In an earlier essay I described six periods in American history that involve Conservative “flirtations with fascism,” beginning with Republican reactions, mostly red-baiting, to the partly socialistic policies of Franklin Roosevelt’s New Deal in the 1930s. These flirtations resurface about every ten to twenty years, and illustrate the fact that many Americans in the generations following World War II simply did not learn the cruel lessons of fascism. This last flirtation, which some have called “Trump’s Cult of Personality,” has turned into a sordid full-blown affair and brought democracy to its knees. Luckily, Trump’s attempts at a coup d’etat—using false voting-fraud claims, all sixty or so dismissed in federal courts, putting pressure on state election officials and legislatures to wantonly cheat, pressuring Pence to decertify the election itself, throwing it into a Republican-controlled Senate for determination, and lastly recruiting illegitimate state electors to replace the legitimate ones—all these efforts failed because of our sacred Rule of Law. In other words, Trump’s Beer Hall Putsch, like Hitler’s in November 1923, failed because of those heroes—from state and local election officials and federal judges to Mike Pence himself—who refused to overthrow democracy for fascism.

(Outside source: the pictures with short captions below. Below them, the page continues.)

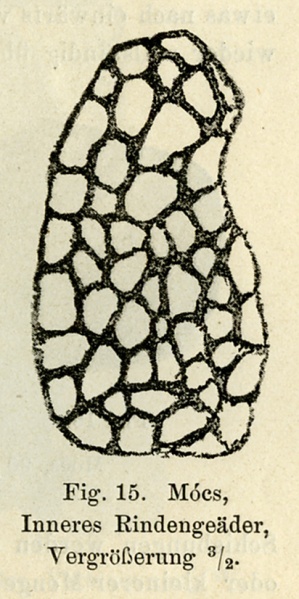 Plik:Brezina (1894 fig15).jpg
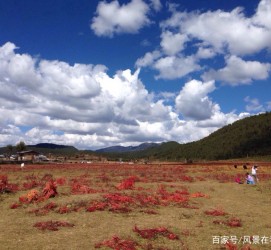 徐州旅游去处(暑期最好的旅游去处)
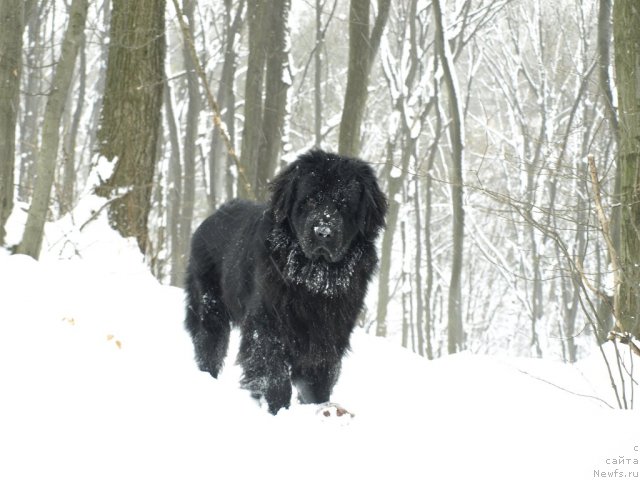 Фото: ньюфаундленд Uyutnaya Dolina Bibigon Breyv Kid (Уютная Долина Бибигон Брейв Кид)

Our modern Republican Party has been hijacked, gradually over the last twenty years, by the Tea Party, created and financed by billionaire industrialists like the Koch Brothers to squeeze out the remaining financial assets of our lower and middle classes. The goal, of course, is to maintain control over rural and working class people so they can be fleeced in both the workplace and the marketplace. If you want to know who the real “Deep State” is, who actually orchestrates the constant siphoning of resources from the lower classes to the upper five percent, simply look up the GOP celebration party that occurred immediately after Trump’s second impeachment (for inciting the January 6 Insurrection). If you really want to know, you will find it.

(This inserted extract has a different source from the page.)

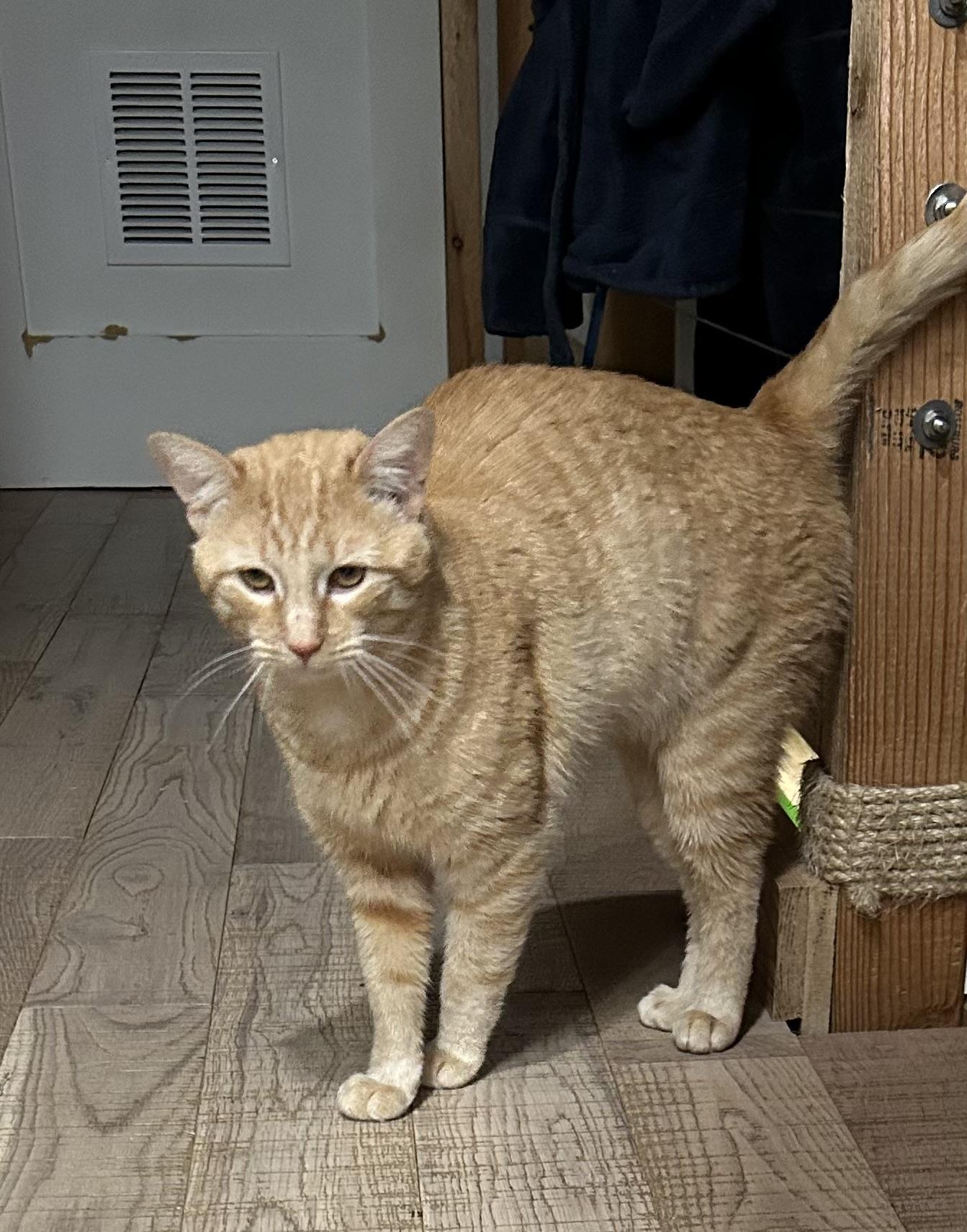 Enlarge Juice, a Adoptable mixed breed in Havertown, PA image 3/6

The seduction of neo-fascism, in the person of a wannabe authoritarian despot like Trump, is appealing to Missouri’s Senator Josh Hawley and our own 18th Congressional District’s Representative Jason Smith for obvious reasons. Hawley, fist pumping in support of the “Stop the Steal” conspiracy nonsense, is eyeing a future bid for the Presidency, hoping for Trump’s blessing. Posing as a rural conservative populist and nationalist, he is a wolf in sheep’s clothing—a Far-Right, intellectual autocrat, graduate of Stanford University and Yale Law School, lawyer and former professor, with some of Trump’s skills in hoodwinking the public. Smith, on the other hand, likely has more benevolent though misguided intentions, but his constituents need to convince him that the great majority of them are simply not farmers nor business owners.

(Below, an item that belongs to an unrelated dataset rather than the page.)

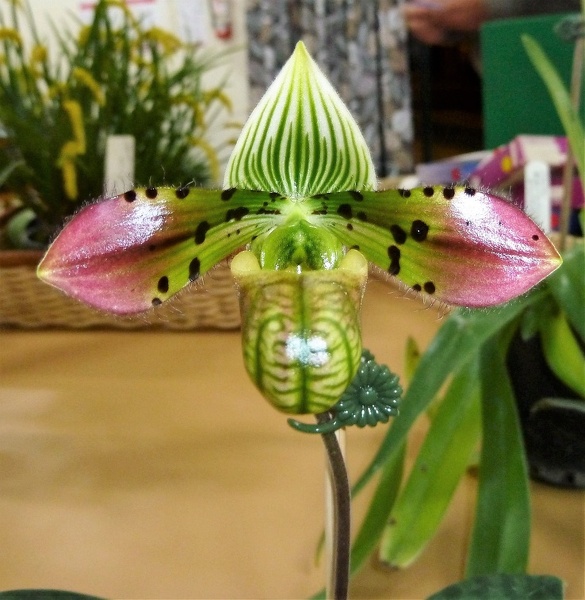 Paph. (venustum 'Engel Heart' x venustum 'Rainbow'.JPG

The absurdism of the GOP’s desperate attempts to defend the indefensible reminds me again of Pee-wee and “I know you are but what am I.” A few nights ago I had a dream about the Capitol Insurrection. Instead of Pee-wee calling Dottie from a phone booth, evading her proposals for a real date when he gets home, Trump is in the White House Oval Office, feet propped up on his desk, talking to Pence on his unprotected cell phone. It is the afternoon of January 6, Trump is watching the events on his big-screen tv, and Trump rioters have just broken into the Capitol Building, forcing their way toward Pence’s office with a rope noose and screaming “Hang Mike Pence!” Pence is pleading with Trump to tell his supporters to stand down, but Trump has other intentions:

“Krii… krii… krii… krii….” (Trump making fake phone-interference sounds into his cell). “I can’t hear you, Mike, can’t hear you at all. Sorry. You just go on now and make sure you decertify those election results.”